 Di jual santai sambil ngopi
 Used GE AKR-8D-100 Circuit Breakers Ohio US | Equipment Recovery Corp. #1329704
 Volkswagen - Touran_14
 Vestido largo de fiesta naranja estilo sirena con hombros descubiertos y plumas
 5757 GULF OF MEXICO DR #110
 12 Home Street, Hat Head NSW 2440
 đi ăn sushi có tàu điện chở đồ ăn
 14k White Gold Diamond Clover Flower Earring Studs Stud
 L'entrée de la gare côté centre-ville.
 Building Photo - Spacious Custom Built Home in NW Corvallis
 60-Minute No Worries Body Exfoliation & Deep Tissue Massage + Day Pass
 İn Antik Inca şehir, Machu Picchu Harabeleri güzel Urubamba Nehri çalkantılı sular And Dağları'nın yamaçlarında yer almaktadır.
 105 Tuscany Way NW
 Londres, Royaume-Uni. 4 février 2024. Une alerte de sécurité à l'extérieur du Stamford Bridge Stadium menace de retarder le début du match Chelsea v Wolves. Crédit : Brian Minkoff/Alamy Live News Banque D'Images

What needs to be done:
Transcribe the records above exactly as they appear.

Written answer:
 Di jual santai sambil ngopi
 Used GE AKR-8D-100 Circuit Breakers Ohio US | Equipment Recovery Corp. #1329704
 Volkswagen - Touran_14
 Vestido largo de fiesta naranja estilo sirena con hombros descubiertos y plumas
 5757 GULF OF MEXICO DR #110
 12 Home Street, Hat Head NSW 2440
 đi ăn sushi có tàu điện chở đồ ăn
 14k White Gold Diamond Clover Flower Earring Studs Stud
 L'entrée de la gare côté centre-ville.
 Building Photo - Spacious Custom Built Home in NW Corvallis
 60-Minute No Worries Body Exfoliation & Deep Tissue Massage + Day Pass
 İn Antik Inca şehir, Machu Picchu Harabeleri güzel Urubamba Nehri çalkantılı sular And Dağları'nın yamaçlarında yer almaktadır.
 105 Tuscany Way NW
 Londres, Royaume-Uni. 4 février 2024. Une alerte de sécurité à l'extérieur du Stamford Bridge Stadium menace de retarder le début du match Chelsea v Wolves. Crédit : Brian Minkoff/Alamy Live News Banque D'Images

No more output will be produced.